Introduction
The code in this article
demonstrates an alternative way to do multithreaded programming using .NET 2.0
and a freely available library called CSP.NET. The application presented is
meant to introduce the programmer to the most basic elements of CSP.NET. It is a
console application that lets the user input a file search pattern and a word.
The application then searches the files matching the pattern for the word
entered by the user - if there are any matches they are recorded and written to
a text file. All the tasks are done concurrently meaning that user input, word
search and storing of the results can run simultaneously. This simultaneous
execution is of course just simulated on a single core machine but a reality if
more processors are present.
Traditional
concurrent programming with multiple threads
If no external libraries
are used the only way to write concurrent programs in .NET is through the use of
the Thread class - or the ThreadPool. This class offers a lot of methods used to
synchronize one thread with other threads, put the current thread in a sleep
state, resume from the sleep state, abort the current thread and so on.
In the real world
different parts of a program need to communicate with each other and in the
world of threads that is typically done through shared data. Access to shared
data has to be controlled carefully to avoid that more than one thread modifies
the data at the same time. To that end most modern languages offer a set of
features to control access to shared data and to signal between threads. In c#
these features are ,among others, made up of locks, mutexes, semaphores,
waithandles and monitors.
Just looking at the number
of methods and classes designed to support thread programming it is evident that
multithreaded programs can get very complex very easily. With complexity comes
the risk of introducing errors, and as a matter of fact thread programming is
often regarded as one of the most challenging areas in programming. That may
have been all right when all computers only had one core and one processor and
multithreaded programming was the realm of a select few. But with the advent of
multicore processors, programs need to be multithreaded to exploit the power of
modern computers.
Concurrent
programming the CSP way
What if there was a way to
write multithreaded programs where you did not have to work with threads or any
of the supporting features like the ones mentioned above. What if all you had to
do was to write the different parts of the concurrent program as normal single
threaded programs communicating through a series of predefined channels.
That way of thinking about
concurrency is one of the key elements in a model known as CSP (Communicating
Sequential Processes). If you want to use CSP in .NET you have two choices.
The first is to read the
specification and implement your own library containing the CSP constructs
needed in your programs.
If that seems a bit too much there is a library for
.NET 2.0 called CSP.NET that can be downloaded free of charge, which implements
all the common CSP constructs needed. As this article is meant as a very basic
introduction to multithreaded programming with CSP.NET only the essential
elements of CSP.NET are discussed - the more advanced features are the subject
of another article.
In CSP.NET a multithreaded
application is made of a number of sequential programs communicating through
channels all executing concurrently. These sequential programs are called
processes and are of course not separate programs but rather classes
implementing the ICSProcess interface. This interface has one method called Run
that needs to be implemented. Think of the Run method as a normal thread and put
the code you want that thread to contain here.
It most programs
communication between threads and thus also between different classes
implementing the ICSProcess interface is required. In CSP.NET communication
between ICSPprocesses is done through a set of predefined channels. The channels
are called One2OneChannel, Any2OneChannel, One2AnyChannel and Any2AnyChannel.

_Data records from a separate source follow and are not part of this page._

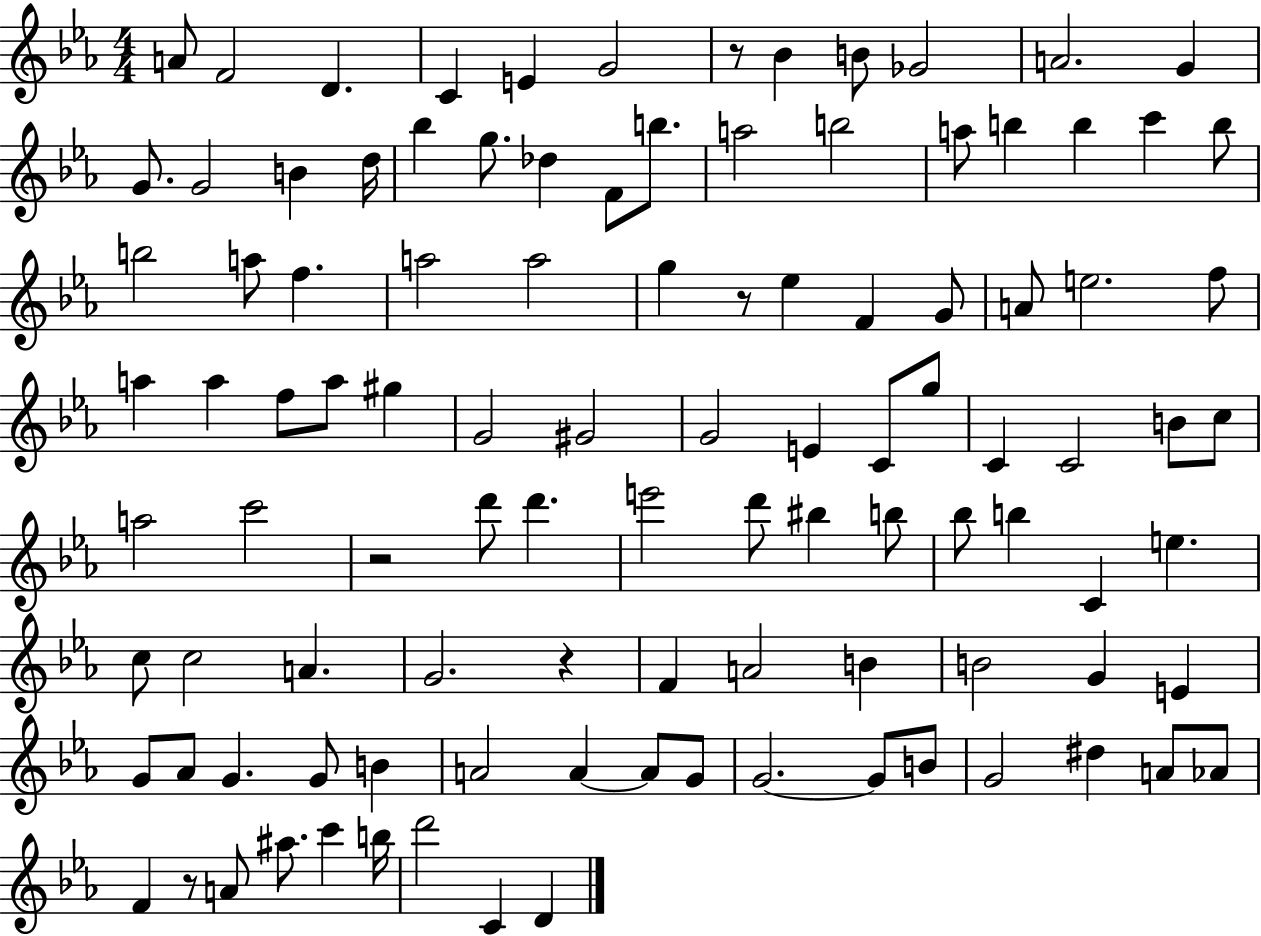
{
  \clef treble
  \numericTimeSignature
  \time 4/4
  \key ees \major
  a'8 f'2 d'4. | c'4 e'4 g'2 | r8 bes'4 b'8 ges'2 | a'2. g'4 | \break g'8. g'2 b'4 d''16 | bes''4 g''8. des''4 f'8 b''8. | a''2 b''2 | a''8 b''4 b''4 c'''4 b''8 | \break b''2 a''8 f''4. | a''2 a''2 | g''4 r8 ees''4 f'4 g'8 | a'8 e''2. f''8 | \break a''4 a''4 f''8 a''8 gis''4 | g'2 gis'2 | g'2 e'4 c'8 g''8 | c'4 c'2 b'8 c''8 | \break a''2 c'''2 | r2 d'''8 d'''4. | e'''2 d'''8 bis''4 b''8 | bes''8 b''4 c'4 e''4. | \break c''8 c''2 a'4. | g'2. r4 | f'4 a'2 b'4 | b'2 g'4 e'4 | \break g'8 aes'8 g'4. g'8 b'4 | a'2 a'4~~ a'8 g'8 | g'2.~~ g'8 b'8 | g'2 dis''4 a'8 aes'8 | \break f'4 r8 a'8 ais''8. c'''4 b''16 | d'''2 c'4 d'4 | \bar "|."
}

They are used to send data from one ICSProcess to another. They are all generic
meaning that data of any type can be send through a channel. It is important to
note that CSP.NET channels are unidirectional meaning that data can only travel
in one direction. That means that a ICSProcess can either read from or write to
a given channel but not both.
A One2OneChannel is used
to communicate between two ICSProcesses - one process reads and the other one
writes.
An Any2OneChannel is used when on of multiple ICSProcesses wants to
write to the same ICSProcess.
A One2AnyChannel is used when one ICSProcess
wants to write to one of multiple ICSProcesses.
An Any2AnyChannel is used
when one of multiple ICSProcesses wants to write to one of multiple receiving
processes.
The channels are not
broadcast channels, meaning that even though you use a One2AnyChannel only the
first process reading from the channel receives the data.
By default all the
channels are blocking, which means that an ICSProcess that tries to read from a
channel will block if no other process has written some data to the channel.
Likewise an ICSProcess trying to write from a channel will block until another
process wants to read the data from the channel.
This behavior is
appropriate in many cases but there are situations in which it would be better
if the ICSProcess writing to the channel could continue execution even though no
process is waiting to read from the channel. In cases like that CSP.NET offers
buffered channels that can hold a certain amount of data. When the buffer is
full they behave like the normal channels. If the buffer is not full they allow
the process writing to the channel, to continue execution even though no
processes are waiting to read the data. In the example application both buffered
and unbuffered channels are demonstrated.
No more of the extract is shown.